Lombardini was “willing to increase their offer on a few writer-specific TV minimums — and willing to talk about AI — but that they were not willing to engage on the preservation of the writers’ room, or success-based residuals. She did not indicate willingness to address screenwriter issues, Appendix A issues, and many of the other proposals that remain on our list,” reads the WGA email.
The AMPTP did not immediately respond to request for comment.
According to the WGA, Stutzman also added that there were other issues that had arisen over the course of the strike, including “health care benefit extension and additional plan funding, reinstatement of striking writers, and arbitration of disputes arising during the strike” — and that those would also need to be addressed.
The negotiating committee concluded that the supposed leaks were “confirmation that the AMPTP playbook continues.”
The meeting marked the first time the union and the studios had met in three months since the strike began on May 2. We are now on Day 95 of the WGA strike and Day 22 of the SAG-AFTRA strike.
Here’s the full message to members, below:
Ellen Stutzman and Tony Segall met with Carol Lombardini and AMPTP staff this afternoon for what Carol stated was a confidential sidebar to discuss resuming negotiations for a new MBA. Topics included – at the AMPTP’s insistence – press blackouts.
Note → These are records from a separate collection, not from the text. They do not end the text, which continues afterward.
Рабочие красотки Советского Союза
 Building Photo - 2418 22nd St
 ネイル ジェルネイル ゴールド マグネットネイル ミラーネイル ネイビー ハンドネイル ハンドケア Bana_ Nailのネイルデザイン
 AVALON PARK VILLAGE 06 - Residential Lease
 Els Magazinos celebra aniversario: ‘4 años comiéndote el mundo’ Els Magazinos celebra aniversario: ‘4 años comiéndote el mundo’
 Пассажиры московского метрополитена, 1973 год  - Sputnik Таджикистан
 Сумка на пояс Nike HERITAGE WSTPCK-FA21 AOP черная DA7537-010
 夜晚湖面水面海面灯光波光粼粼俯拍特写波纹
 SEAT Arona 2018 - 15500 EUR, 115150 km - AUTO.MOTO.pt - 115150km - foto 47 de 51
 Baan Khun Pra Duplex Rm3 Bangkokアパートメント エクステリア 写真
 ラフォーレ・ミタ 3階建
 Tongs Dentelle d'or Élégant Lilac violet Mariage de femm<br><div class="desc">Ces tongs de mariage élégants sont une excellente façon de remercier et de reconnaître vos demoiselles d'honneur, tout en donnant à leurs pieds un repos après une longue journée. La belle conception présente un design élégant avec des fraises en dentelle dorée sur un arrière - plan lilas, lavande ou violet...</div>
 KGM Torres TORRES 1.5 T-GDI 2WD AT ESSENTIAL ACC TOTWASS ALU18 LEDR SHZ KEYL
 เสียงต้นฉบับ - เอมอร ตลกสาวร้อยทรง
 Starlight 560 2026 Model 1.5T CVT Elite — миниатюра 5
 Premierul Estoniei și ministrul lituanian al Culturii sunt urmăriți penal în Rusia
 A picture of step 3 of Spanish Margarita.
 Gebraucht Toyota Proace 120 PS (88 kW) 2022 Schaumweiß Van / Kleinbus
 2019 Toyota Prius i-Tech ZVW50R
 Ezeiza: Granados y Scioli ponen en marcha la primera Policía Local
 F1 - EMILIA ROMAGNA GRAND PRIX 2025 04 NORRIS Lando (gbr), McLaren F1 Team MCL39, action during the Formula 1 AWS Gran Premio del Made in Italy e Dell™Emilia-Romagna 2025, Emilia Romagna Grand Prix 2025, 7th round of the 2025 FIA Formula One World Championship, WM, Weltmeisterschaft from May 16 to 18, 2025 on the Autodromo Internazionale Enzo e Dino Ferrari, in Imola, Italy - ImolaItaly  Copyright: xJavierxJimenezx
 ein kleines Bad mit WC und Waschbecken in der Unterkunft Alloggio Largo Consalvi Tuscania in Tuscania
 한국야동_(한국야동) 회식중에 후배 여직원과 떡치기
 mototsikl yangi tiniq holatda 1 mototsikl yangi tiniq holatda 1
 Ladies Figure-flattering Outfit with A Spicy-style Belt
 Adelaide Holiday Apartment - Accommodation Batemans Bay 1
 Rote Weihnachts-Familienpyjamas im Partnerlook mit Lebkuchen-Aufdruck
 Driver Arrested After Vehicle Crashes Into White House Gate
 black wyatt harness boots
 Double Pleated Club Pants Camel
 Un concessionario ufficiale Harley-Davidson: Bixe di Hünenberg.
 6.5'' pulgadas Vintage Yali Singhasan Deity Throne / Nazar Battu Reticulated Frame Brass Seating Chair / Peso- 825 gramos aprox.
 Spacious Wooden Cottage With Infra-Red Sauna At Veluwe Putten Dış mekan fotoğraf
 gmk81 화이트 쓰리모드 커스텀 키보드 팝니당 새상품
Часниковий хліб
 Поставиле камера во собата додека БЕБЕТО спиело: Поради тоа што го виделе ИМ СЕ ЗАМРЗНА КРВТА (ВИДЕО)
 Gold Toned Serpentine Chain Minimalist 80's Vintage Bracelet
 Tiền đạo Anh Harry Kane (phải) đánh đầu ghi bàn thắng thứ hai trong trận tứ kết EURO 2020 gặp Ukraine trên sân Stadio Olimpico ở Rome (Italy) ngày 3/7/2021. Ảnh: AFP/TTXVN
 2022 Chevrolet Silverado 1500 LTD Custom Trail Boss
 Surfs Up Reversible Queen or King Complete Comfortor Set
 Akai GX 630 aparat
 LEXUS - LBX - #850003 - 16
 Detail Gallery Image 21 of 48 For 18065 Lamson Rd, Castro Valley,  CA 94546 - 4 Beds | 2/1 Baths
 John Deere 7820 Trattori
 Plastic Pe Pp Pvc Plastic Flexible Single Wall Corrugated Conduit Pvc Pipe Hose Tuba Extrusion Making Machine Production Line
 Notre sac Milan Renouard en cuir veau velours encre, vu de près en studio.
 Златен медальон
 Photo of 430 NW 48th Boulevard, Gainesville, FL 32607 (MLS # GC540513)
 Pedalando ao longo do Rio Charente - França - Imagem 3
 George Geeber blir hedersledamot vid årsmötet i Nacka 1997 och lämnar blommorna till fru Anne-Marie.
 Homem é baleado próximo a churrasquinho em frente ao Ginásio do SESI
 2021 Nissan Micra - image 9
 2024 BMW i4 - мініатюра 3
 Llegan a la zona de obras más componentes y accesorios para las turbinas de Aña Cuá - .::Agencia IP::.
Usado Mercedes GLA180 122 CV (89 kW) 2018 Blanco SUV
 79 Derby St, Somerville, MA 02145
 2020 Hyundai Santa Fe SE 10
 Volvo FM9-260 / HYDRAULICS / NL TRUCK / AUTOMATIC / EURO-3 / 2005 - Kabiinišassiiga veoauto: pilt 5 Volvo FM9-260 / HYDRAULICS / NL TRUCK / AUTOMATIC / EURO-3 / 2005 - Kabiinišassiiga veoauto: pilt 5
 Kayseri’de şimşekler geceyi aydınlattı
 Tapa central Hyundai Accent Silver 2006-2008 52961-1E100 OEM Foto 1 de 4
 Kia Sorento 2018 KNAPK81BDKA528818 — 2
Also discussed was a potential negotiation protocol and a preview of the issues each side intends to bring back to the table upon resumption.
As of now, there is no agreement on these items, because the AMPTP said they needed to consult with their member studios before moving forward.
Our intention after the confidential meeting was to send a simple email to you all letting you know we would get back to you when there was more specific information about resuming negotiations.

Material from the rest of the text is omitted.